This is used when compiling the runtime package.
@item -fgo-compiling-runtime
@cindex @option{-fgo-compiling-runtime}
Apply special rules for compiling the runtime package. Implicit
memory allocation is forbidden. Some additional compiler directives
are supported.
@item -fgo-embedcfg=@var{file}
@cindex @option{-fgo-embedcfg}
Identify a JSON file used to map patterns used with special
@code{//go:embed} comments to the files named by the patterns. The
JSON file should have two components: @code{Patterns} maps each
pattern to a list of file names, and @code{Files} maps each file name
to a full path to the file. This option is intended for use by the
@command{go} command to implement @code{//go:embed}.
@item -g
@cindex @option{-g for gccgo}
This is the standard @command{gcc} option (@pxref{Debugging Options, ,
Debugging Options, gcc, Using the GNU Compiler Collection (GCC)}). It
is mentioned here because by default @command{gccgo} turns on
debugging information generation with the equivalent of the standard
option @option{-g1}. This is because Go programs require debugging
information to be available in order to get backtrace information. An
explicit @option{-g0} may be used to disable the generation of
debugging information, in which case certain standard library
functions, such as @code{runtime.Callers}, will not operate correctly.
@end table
@c man end
@node Import and Export
@chapter Import and Export
When @command{gccgo} compiles a package which exports anything, the
export information will be stored directly in the object file.
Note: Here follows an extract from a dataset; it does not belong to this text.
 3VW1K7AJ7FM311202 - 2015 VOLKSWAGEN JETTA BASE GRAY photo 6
When a
package is imported, @command{gccgo} must be able to find the file.
@cindex @file{.gox}
When Go code imports the package @file{@var{gopackage}}, @command{gccgo}
will look for the import data using the following filenames, using the
first one that it finds.
@table @file
@item @var{gopackage}.gox
@item lib@var{gopackage}.so
@item lib@var{gopackage}.a
@item @var{gopackage}.o
@end table
The compiler will search for these files in the directories named by
any @option{-I} options, in order in which the directories appear on
the command line. The compiler will then search several standard
system directories. Finally the compiler will search the current
directory (to search the current directory earlier, use @samp{-I.}).
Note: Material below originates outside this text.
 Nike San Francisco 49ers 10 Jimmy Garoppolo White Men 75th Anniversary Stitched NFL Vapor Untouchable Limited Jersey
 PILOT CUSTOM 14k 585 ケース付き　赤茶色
The compiler will extract the export information directly from the
compiled object file. The file @file{@var{gopackage}.gox} will
typically contain nothing but export data. This can be generated from
@file{@var{gopackage}.o} via
objcopy -j .go_export @var{gopackage}.o @var{gopackage}.gox
@end smallexample
For example, it may be desirable to extract the export information
from several different packages into their independent
@file{@var{gopackage}.gox} files, and then to combine the different
package object files together into a single shared library or archive.
At link time you must explicitly tell @command{gccgo} which files to
link together into the executable, as is usual with @command{gcc}.
This is different from the behavior of other Go compilers.
@node Compiler Directives
@chapter Compiler Directives
The Go compiler supports a few compiler directives. A compiler
directive uses a @code{//} comment at the start of a line. There must
be no space between the @code{//} and the name of the directive.
@table @code
@item //line @var{file}:@var{line}
The @code{//line} directive specifies that the source line that
follows should be recorded as having come from the given file path and
line number. Successive lines are recorded using increasing line
numbers, until the next directive. This directive typically appears
in machine-generated code, so that compilers and debuggers will show
lines in the original input to the generator.
@item //extern @var{extern_name}
The @code{extern} directive sets the externally visible name of the
next function declaration. See @ref{Function Names}.
@item //go:compile @var{go_name} @var{extern_name}
The @code{go:compile} directives sets the externally visible name of a
function definition or declaration. See @ref{Function Names}.
@item //go:noescape
The @code{//go:noescape} directive specifies that the next declaration
in the file, which must be a func without a body (meaning that it has
an implementation not written in Go) does not allow any of the
pointers passed as arguments to escape into the heap or into the
values returned from the function. This information can be used during
the compiler's escape analysis of Go code calling the function.
@item //go:nosplit
The @code{//go:nosplit} directive specifies that the next function
declared in the file must not include a stack overflow check. This is
most commonly used by low-level runtime sources invoked at times when
it is unsafe for the calling goroutine to be preempted.
@item //go:noinline
The @code{//go:noinline} directive specifies that the next function
defined in the file may not be inlined.
@end table
@node C Interoperability
@chapter C Interoperability
When using @command{gccgo} there is limited interoperability with C,
or with C++ code compiled using @code{extern "C"}.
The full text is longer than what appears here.